National Heritage Life Insurance Company (NHLC) was an insurance company based in Orlando, Florida. It collapsed as a result of a fraud scheme, and was liquidated in 1995. It is believed to have been the largest insurance company failure caused by criminal acts in U.S. history, resulting in $450 million of losses.

== Background ==
National Heritage, then owned by Lifeco Investment Group, sold mostly universal life and other life insurance and annuity products, principally in Florida. In the late 1980s, the company was struggling financially, and in 1989 suffered a 34% decline in revenues, and reported a sizable operating loss. In 1990, the Delaware Insurance Department threatened to shut down the company if it did not raise additional capital. An investment group called Tri-Atlantic Holdings, operated by David Davies, Lambert Aloisi and Patrick Smythe, offered $4 million in return for a controlling interest in Lifeco and National Heritage.
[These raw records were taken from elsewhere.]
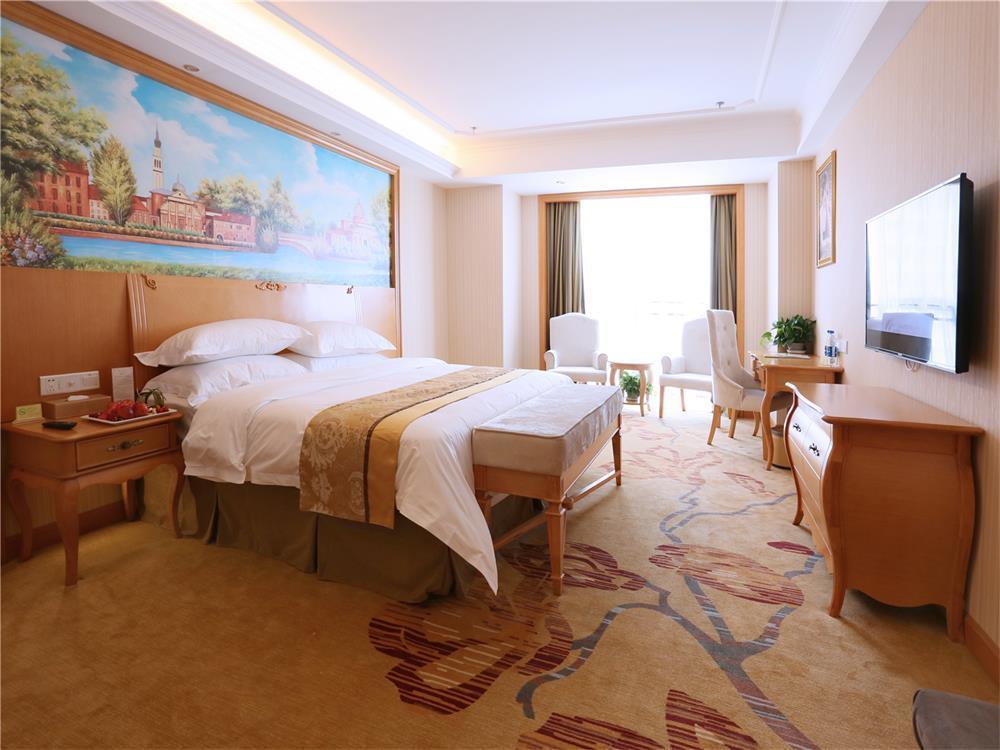 Vienna International Hotel Yantai Changjiang Road Xingyi Square Branch Екстер'єр фото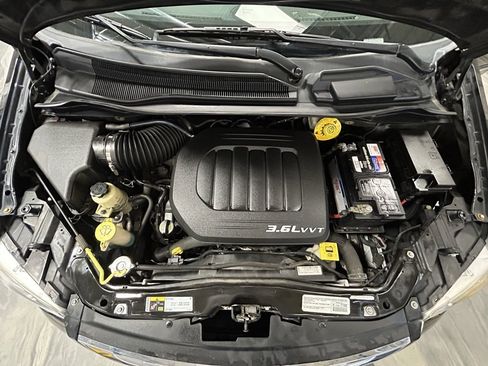 Used 2015 Chrysler Town & Country Touring image 51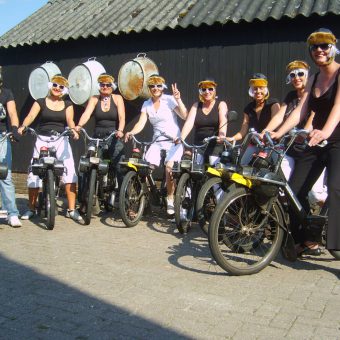 Drenthe ontdekken op de solex. Solex rijden staat garant voor een hoop lol tijdens jullie uitje.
This was accepted.

== Fraud scheme ==
Lifeco did not know that Tri-Atlantic Holdings did not have $4 million. Instead, they issued a check and covered it with a series of transactions similar to a check-kiting scheme. These series of transactions reduced National Life's assets by $3 million. A lawyer named Michael Blutrich then became involved in the scheme. Blutrich was an owner of the strip club Scores in Manhattan, which was then controlled by the Gambino Mafia family. Blutrich was outside counsel for National Heritage, and later became a government witness who admitted to his role in the fraud.

Sholam Weiss became acquainted with Blutrich and his partner Lyle K. Pfeffer, and became involved in the fraud in 1992. After taking control in 1993, Weiss and others bought worthless stocks and mortgages in a series of deals that drained the insurer of hundreds of millions of dollars. Much of the money vanished., and millions went into accounts controlled by Weiss. The heavy involvement of attorneys, who comprised one-quarter of the persons eventually convicted, helped the conspirators keep the fraud secret.

National Life had about 35,000 customers, of whom about 10,500 lived in Florida. Many lost their life savings as a result of the fraud, though various guaranty funds repaid policy and annuity holders about $420 million. Nearly all the policies were acquired by the Metropolitan Life Insurance Co. Though the policyholders were largely able to recoup their funds, the delay caused hardship for some.

=== Aftermath ===
In 1994, the Delaware Insurance Department placed the company in receivership. It was liquidated in 1995.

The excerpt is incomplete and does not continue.